In the absence of a well-thought-out plan of action about how to bring peace to Afghanistan and Iraq, the US found itself entangled in two unwinnable wars. This left it with little choice but to bow out of Iraq by the end of 2011 and Afghanistan by August 2021, without achieving its original objectives.
It also left behind two broken countries. Iraq is still struggling to recover. Afghanistan is in a mess under the Taliban.
The Afghanistan defeat could not be any less humiliating for the US than its devastating Vietnam War five decades earlier.
The Taliban’s 2.0 minority tribal government has proven to be as dreadfully extremist and discriminatory as its previous reign of terror from 1996-2001.
It has professed a self-centred and self-serving version of Islam, which is not practised anywhere else in the Muslim world. Women are stripped of all basic rights (including to education and work). Any form of opposition is brutally suppressed. Other minorities, along with remnants of the previous US-backed regime, are punished daily. Many have been murdered.

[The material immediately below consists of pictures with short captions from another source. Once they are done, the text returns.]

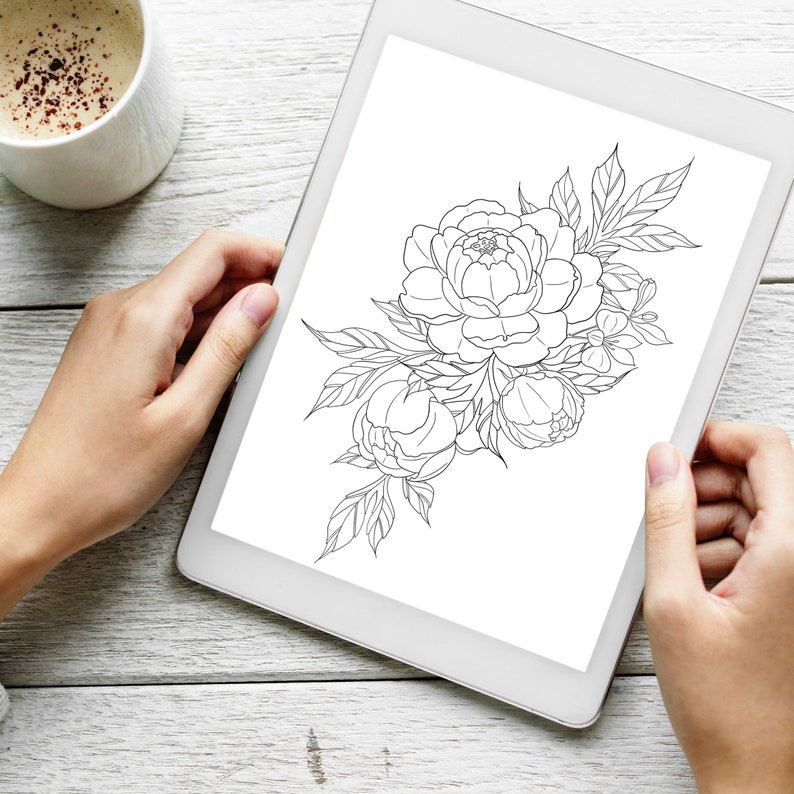 perfect face template for procreate perfect face template for procreate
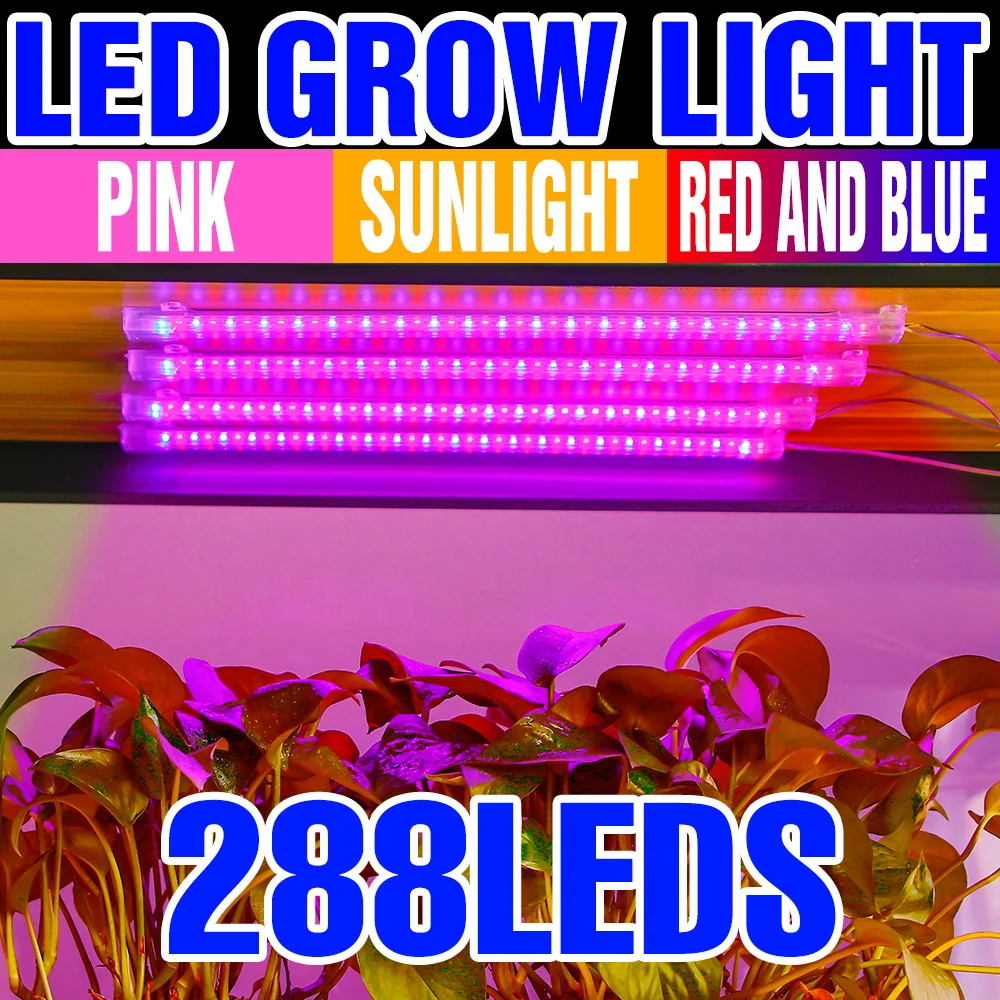 

USB светодиодный светильник для выращивания растений, полный спектр, лампа для растений, комнатные фрукты, горшечные овощи, коробка для выращивания с 24-часовым таймером, заполняющее освещение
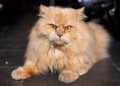 Gato persa laranja deixa bem claro que ele é o único entretenimento necessário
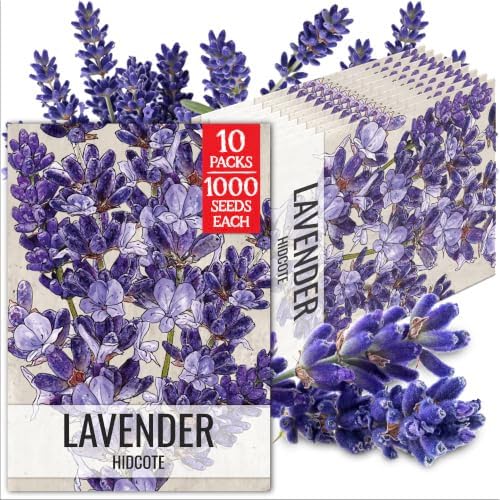Seed Needs Blue Hidcote Lavender Seeds to Plant an Herb Garden - 10 Packs by SeedNeeds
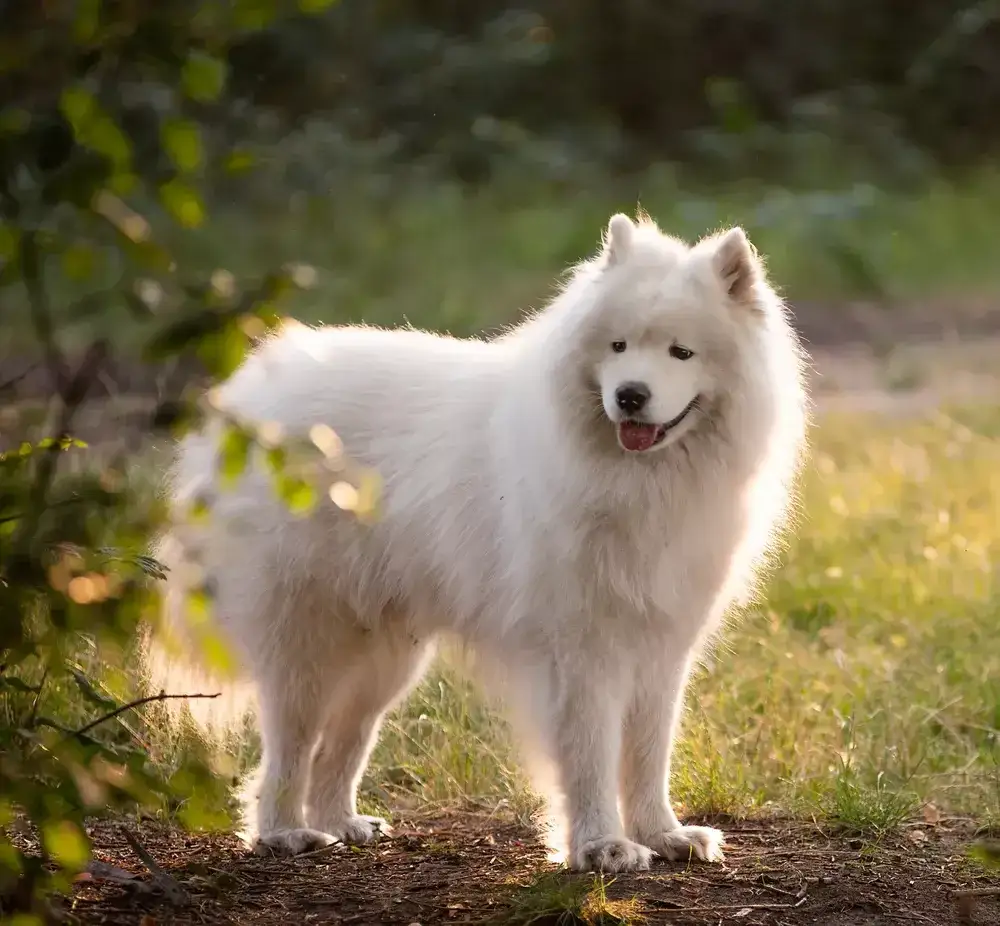 Samoyed czy gubi sierść? Odkryj prawdę o linieniu i pielęgnacji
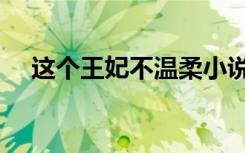 这个王妃不温柔小说（这个王妃很欠扁）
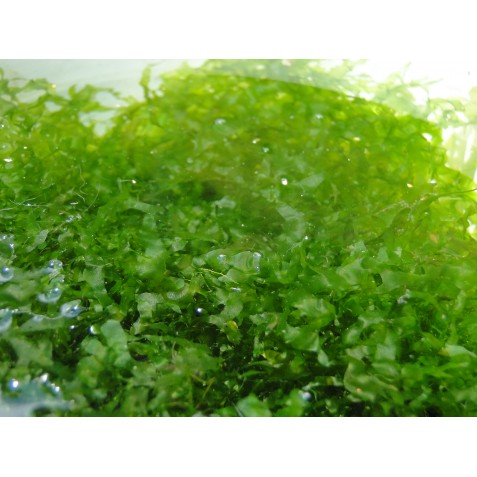 plantas vivas agua doce plantas vivas agua doce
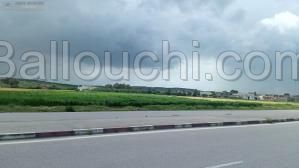 Des lots de terrain sur la route de faroua à Menzel Borguiba Bizerte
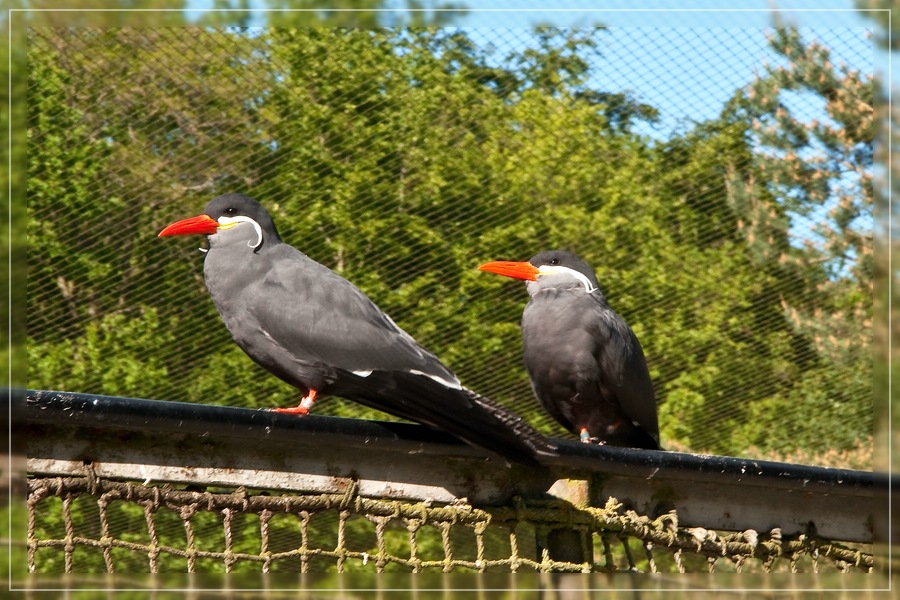 exotisches Vogelpaar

The group has transformed Afghanistan into a protective enclave for al-Qaeda and several other similarly minded groups. These include the Pakistani Taliban (Tehrik-e-Taliban Pakistan, or TTP) and the Islamic State-Khorasan Province (ISKP).
A new survey by the UN Mission in Afghanistan shows only 4% of respondents wanted the Taliban to be recognised internationally. The group’s lack of domestic legitimacy is paralleled by its pariah status in the global community.

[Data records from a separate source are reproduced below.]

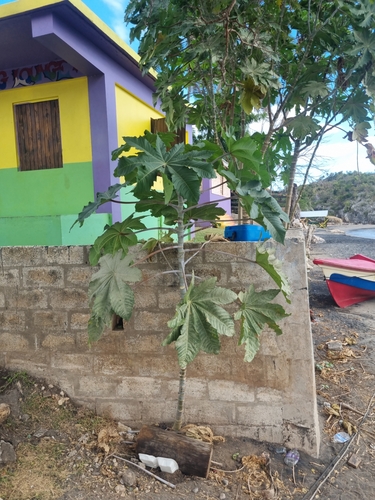 castor bean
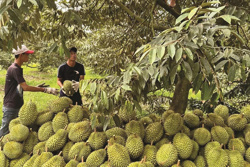 Giải pháp giữ đà xuất khẩu sầu riêng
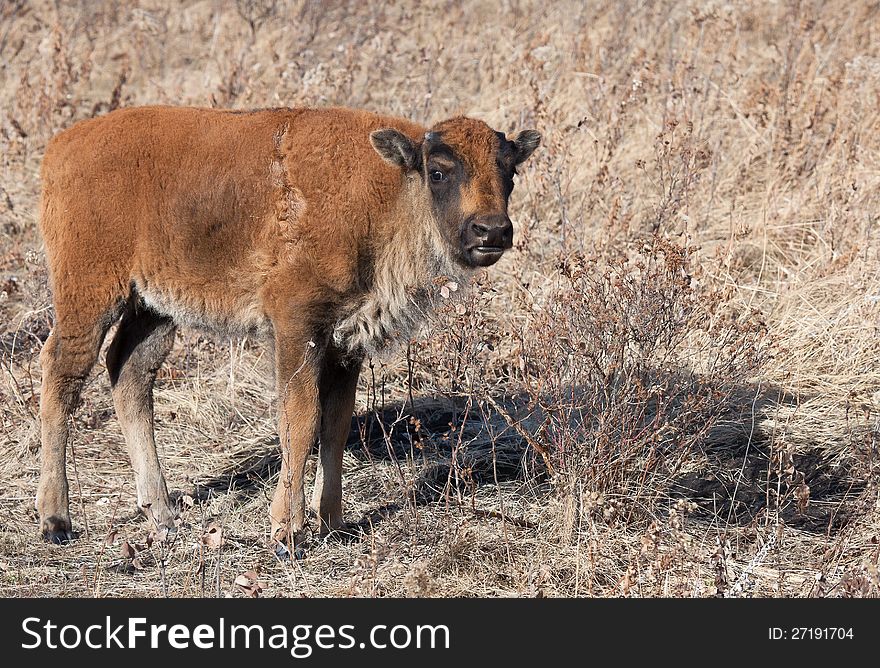 Wild American Bison calf.  Autumn in Riding Mountain National Park, Manitoba, Canada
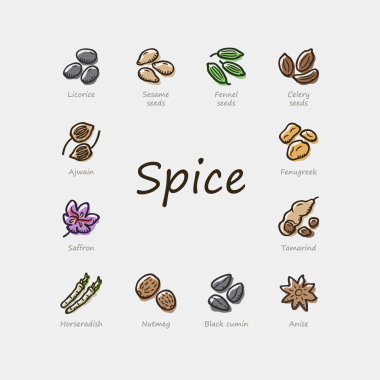 Açık arkaplanda izole edilmiş renkli baharat simgeleri. Saffron, Black kimyon, yabanturpu, meyan kökü ve daha fazlası vardır..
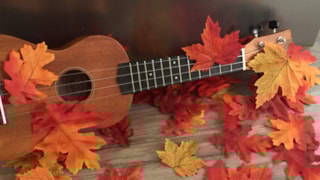 Muziek op schoot Hertenkamp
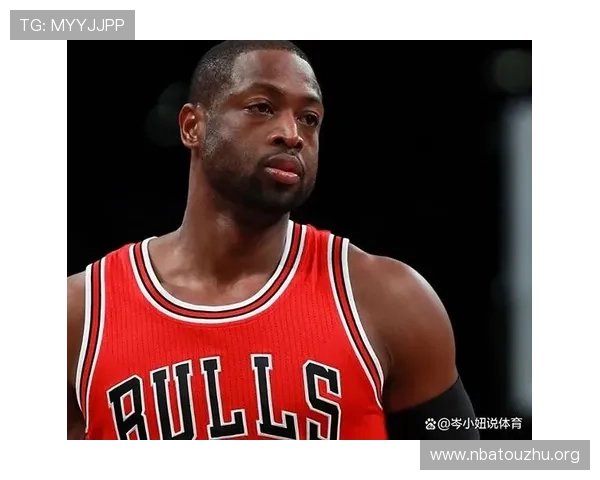 韦德体育：全面解析其在体育行业中的领先地位与未来发展趋势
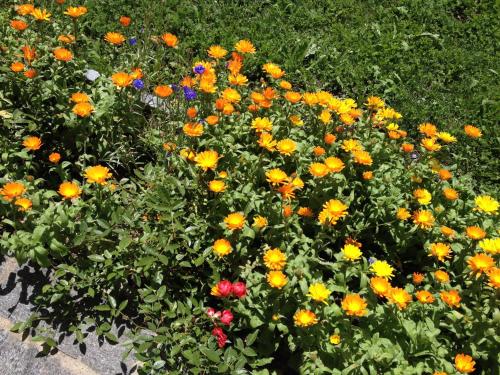 a bunch of colorful flowers in a garden at Tgea sulagliva in Andeer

Yet the group has been able to consolidate power in Afghanistan and stave off outside pressure, having taken advantage of regional and major power geopolitical rivalries and ambitions.
The Taliban’s re-empowerment has significantly inspired and emboldened like-minded groups in many parts of the Muslim world, such as the TTP and ISKP. And the US defeat in Afghanistan has heartened America’s chief adversaries – Iran, Russia, China and North Korea.
Washington’s iron-clad commitment to ensure Israel’s security and its inability to end the devastating Gaza war have further stirred radical forces in the Muslim world and boosted America’s foes.
The related growing tensions between Israel and Iran, as well as with Tehran’s allies (most importantly Hezbollah in Lebanon), have seriously imperilled the cause of stability and security in a traditionally volatile region. A potential Israel-Iran war could drag the US in to defend Israel, with Russia and China supporting Iran.
This is not a scenario about which the Middle East and the world can be sanguine.